Shelf Registration Statement
In certain circumstances, we are obligated to file and cause the SEC
to declare effective a shelf registration statement with respect to the
resale of the Old Notes and to keep the shelf registration statement
effective for up to two years after the effective date of the shelf
registration statement (or shorter period that will terminate when all
Old Notes covered by such shelf registration statement have been
sold). These circumstances include:

· if the Exchange Offers are not permitted by applicable law or
SEC policy;

· if the Exchange Offers are not consummated within 360 days of
the applicable issue date of the Notes; and

· upon the request of any holder of Old Notes that (A) is prohibited
by applicable law or SEC policy from participating in the
Exchange Offers, or (B) may not resell the New Notes acquired
in the Exchange Offers without delivering a prospectus, and this
prospectus is not appropriate or available for such resales by
such holder, or (C) is a broker-dealer that holds Old Notes
acquired directly from us or one of our affiliates.

Effect on Holders of Old Notes
As a result of the making of, and upon acceptance for exchange of
all validly tendered Old Notes pursuant to the terms of, the
Exchange Offers, we will have fulfilled a covenant contained in the
registration rights agreements and, accordingly, additional interest
on the Old Notes, if any, shall no longer accrue and we will no
longer be obligated to pay additional interest as described in the
applicable registration rights agreement.
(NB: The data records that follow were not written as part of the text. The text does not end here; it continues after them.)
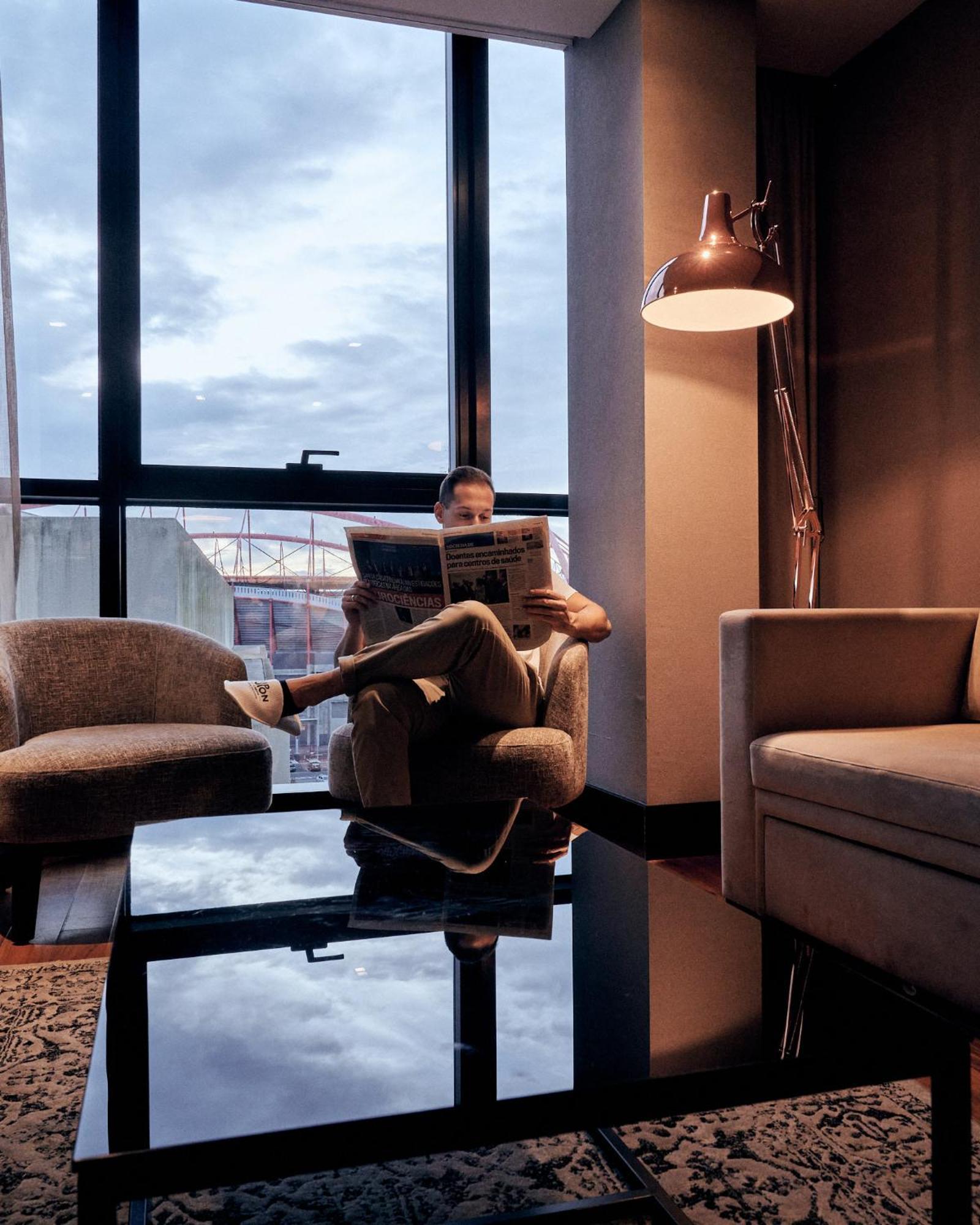 Upon Prime Residences Aparthotel Lisbon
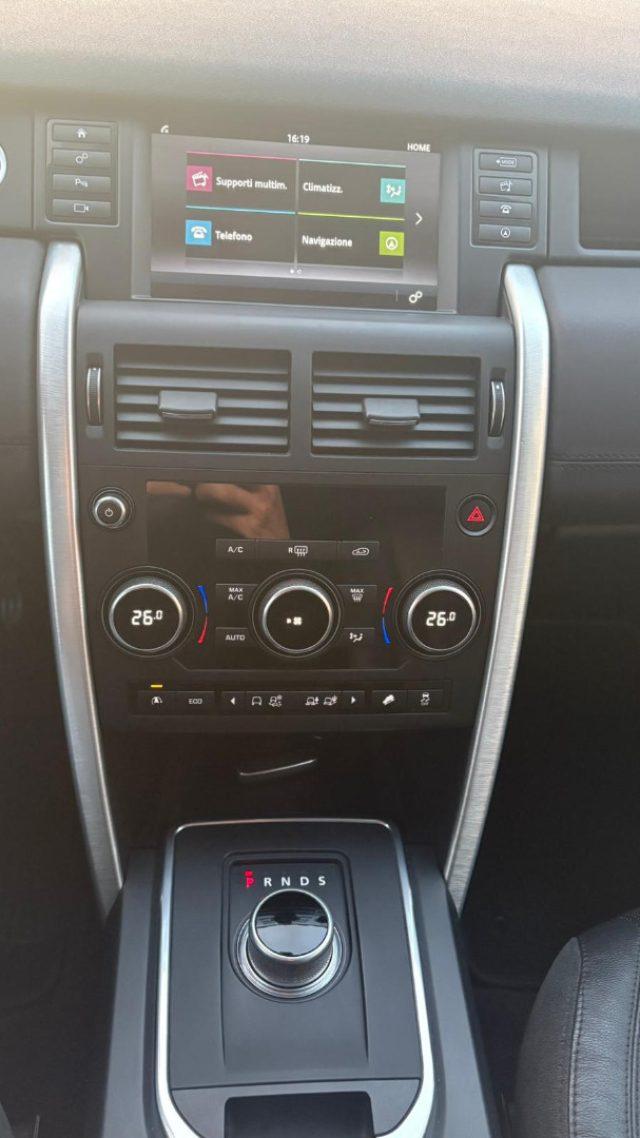 LAND ROVER Discovery Sport 2.0 TD4 150 CV Auto Premium HSE Edition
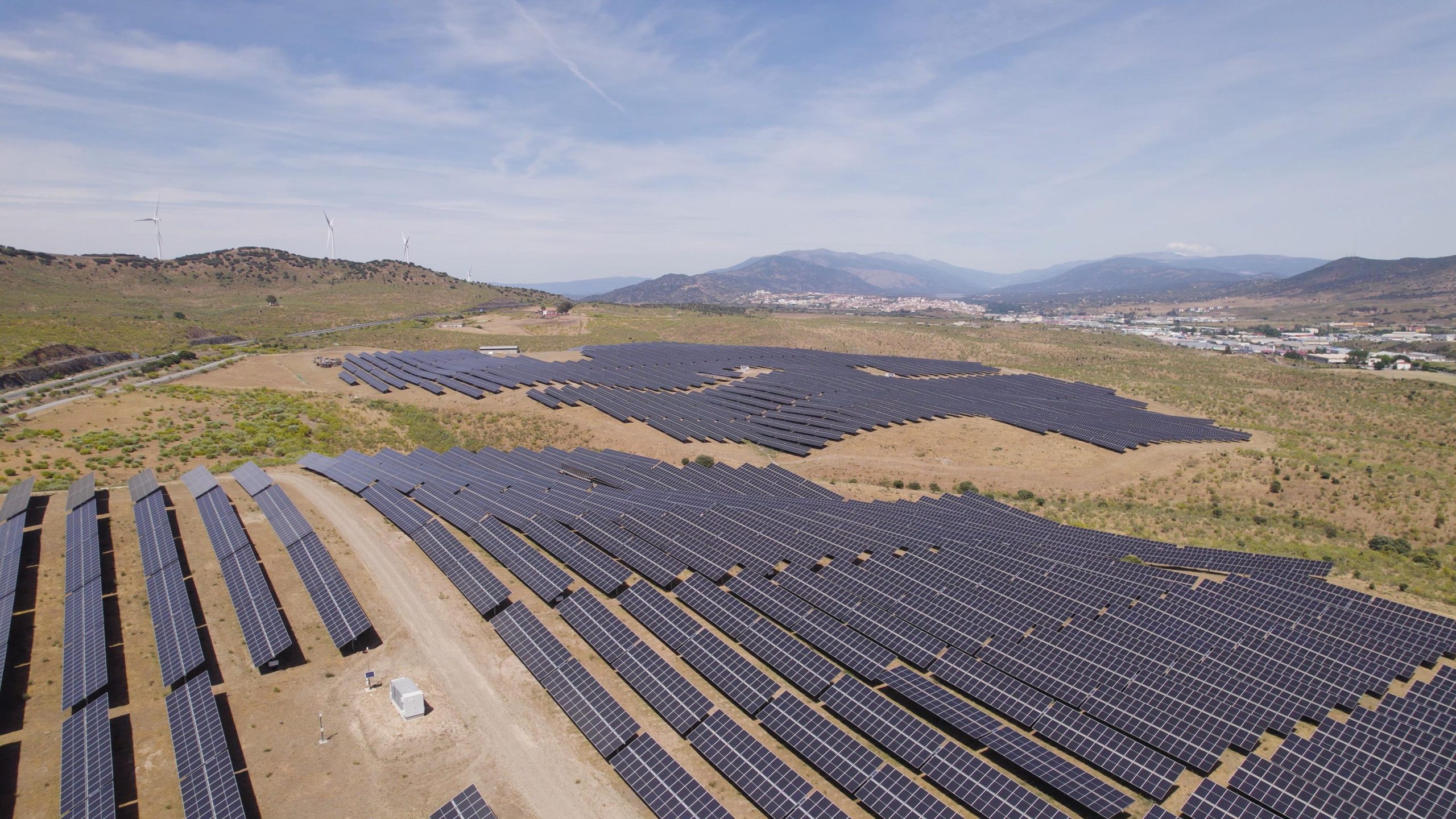 red eléctrica España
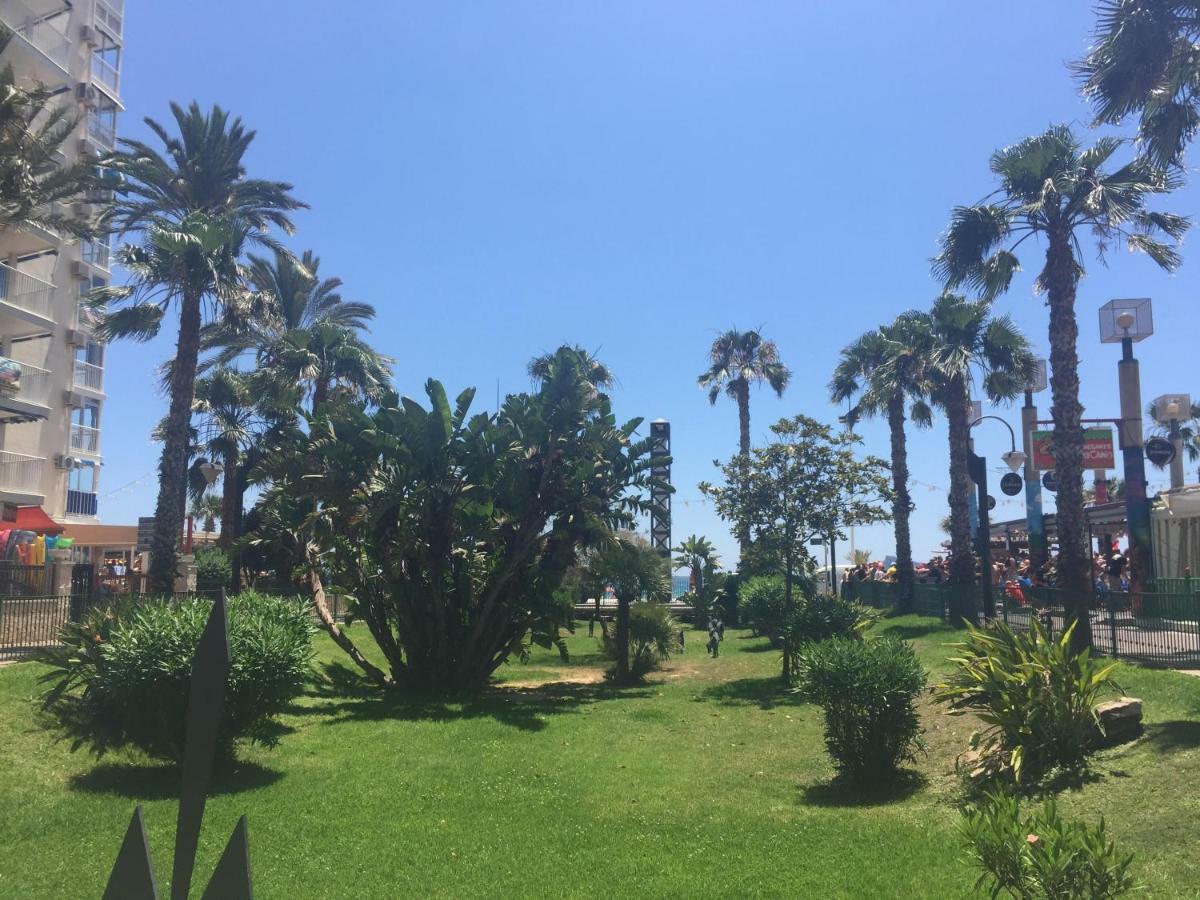 Exinvall Benidorm Kültér fotó
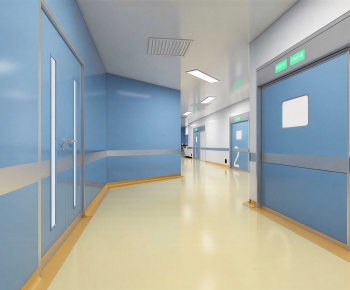 Modern Hospital-ID:700430976
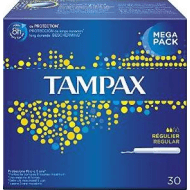 Tampax Cef Regular Tampax Cef Regular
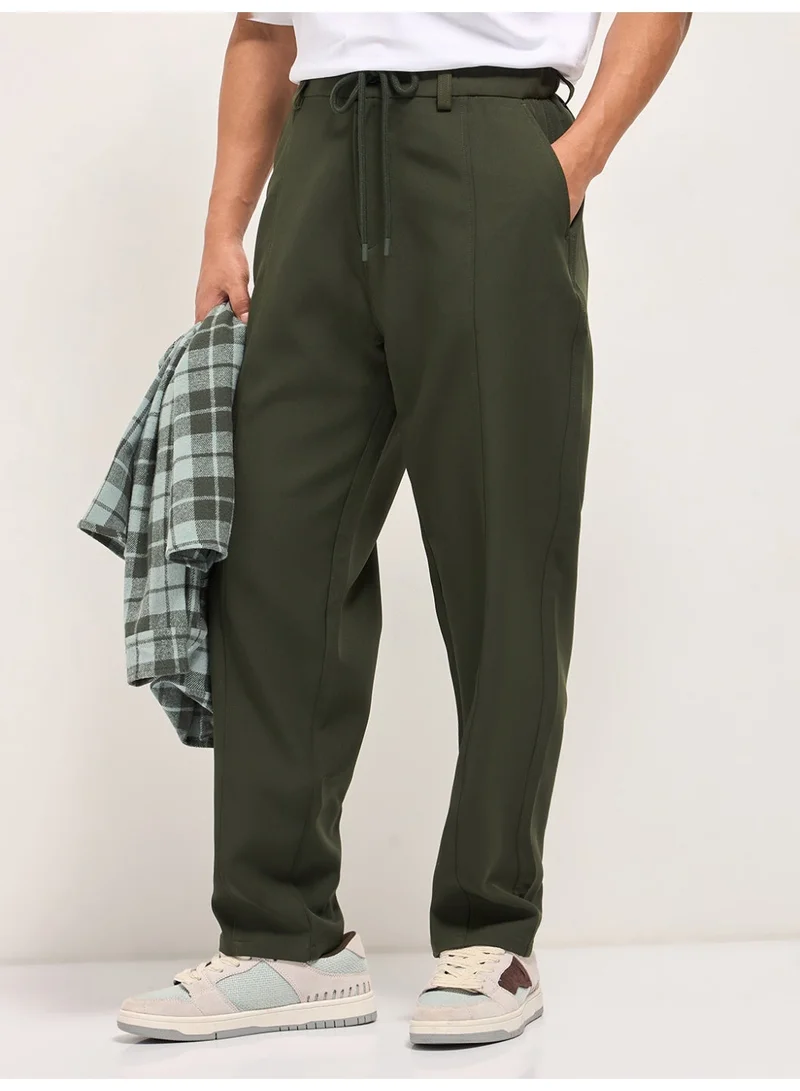 Men’s trouser for everyday wear, smart, stylish and comfortable bottom wear for office, travel and casual outings, perfect choice to elevate your look for any occasion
If you are a holder of Old
Notes and do not tender your Old Notes in the Exchange Offers, you
will continue to hold such Old Notes and you will be entitled to all
the rights and limitations applicable to the Old Notes in the
applicable indenture governing the Old Notes except for any rights
under the applicable registration rights agreement that by their terms
terminate upon the consummation of the Exchange Offers.